Flicker ran from her cabin as Adam ran after her. He had a bucket full of water and was about to throw it on her when Little Moon ran up behind him and threw a bucket of water onto him. He swung around; sloshing his water onto the ground and the two girls ran off laughing. In the two summers since the murders, the three children had become fast friends. Adam's adoptive family had moved into his cabin with him. He'd been adopted by the Pawnee Chief Greyfox and his family. They had taken him in because they had wanted to, not because he was a replacement child. Chief Greyfox had lost no children to the white men, unlike Little Moon and Flicker's mother.

Flicker had been adopted by the Thundercloud family around the same time Chief Greyfox adopted Adam. Though Adam kept his white name, and still wrote in English in his journal, he now spoke fluently in Lakota and Pawnee, mixing the two languages as he spoke. Flicker had stopped using her white name Rachel because she loved her new name and because Rachel would be a constant reminder of her dead parents and the family she would never see again. Flicker and Adam were now ten-years-old. Little Moon had just turned twelve-years-old.

Flicker had grown in the last two summers. She no longer thought in English, though she wrote her thoughts in English in her Journal that she had been keeping two summers ago while she still lived with her parents. But her thoughts were now in Lakota, and sometimes in Pawnee when she and Little Moon were near Adam and his family. On the day their parents had been killed, the two children went alone to the graves by the woods and brought flowers, something they had been told by their white parents was the proper thing to do when visiting the dead. Then a day later, they would be back to playing with their friends.

Little Moon and Flicker would often sit outside on the porch, sewing with their mother Snow Dove. Snow Dove had grown to love Flicker and Adam like they were her own as had the rest of the Indians that had stayed with the white children to raise them the way they knew their parents would have wanted. Though they were growing up Indian, they knew that their parents wouldn't have minded since it was the only way to keep the two children together. They hadn't wanted to take them to the white city or tell anyone what had happened for fear they would be killed and blamed for the white children's parents' deaths.

Snow Dove would often speak with Snake Maiden, Adam's adoptive mother about what might happen if any whites wandered past them on their way to new country. They had learned little English from Adam and Flicker when the two were just learning to speak the languages they now found themselves surrounded by every day. It was hard to picture the kids not being in their lives for the remainder of their days. And to add to the excitement of being in a family, both Snow Dove and Snake Maiden were with child, which basically meant that there would be another baby in the house soon.

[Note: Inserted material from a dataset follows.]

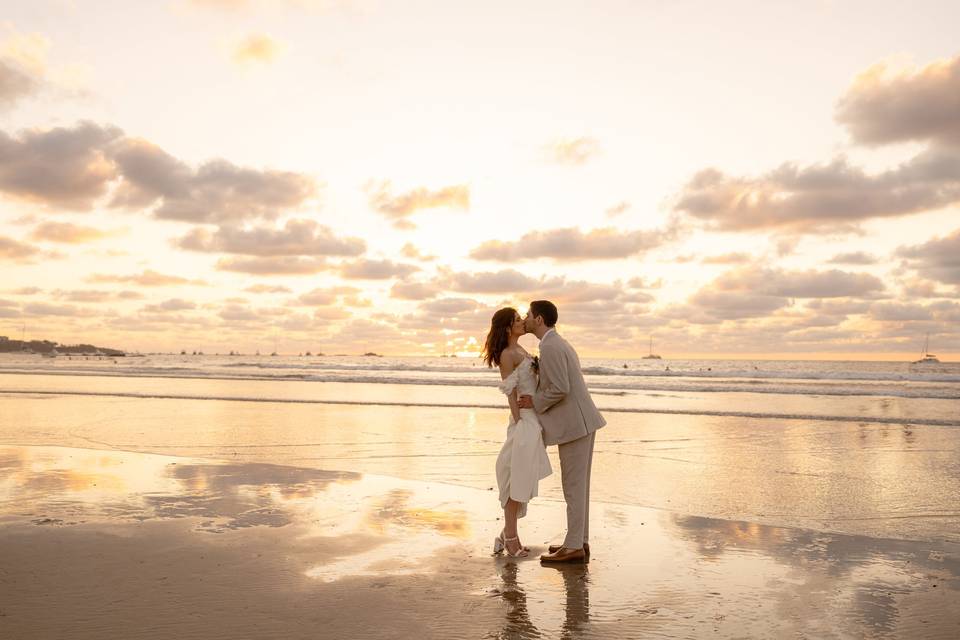 Costa rica beach photoshoot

The two tribes that had become one had not had to go off and fight in any war yet. They were safe for now, safe because they lived with white children, safe because of the homes they lived in. Yes, it was true that there were only two cabins, but many more barns had been built just in case someone did happen along. The clothes that the white adults had worn were in trunks just in case they were needed to make it look like the Indians were civilized Indians and not the kind that went out and hunted buffalo, though many of the Indians would venture out and hunt bear or deer, buffalo hadn't been hunted in some time.

Now, Snow Dove was watching as the kids ran around splashing water onto each other.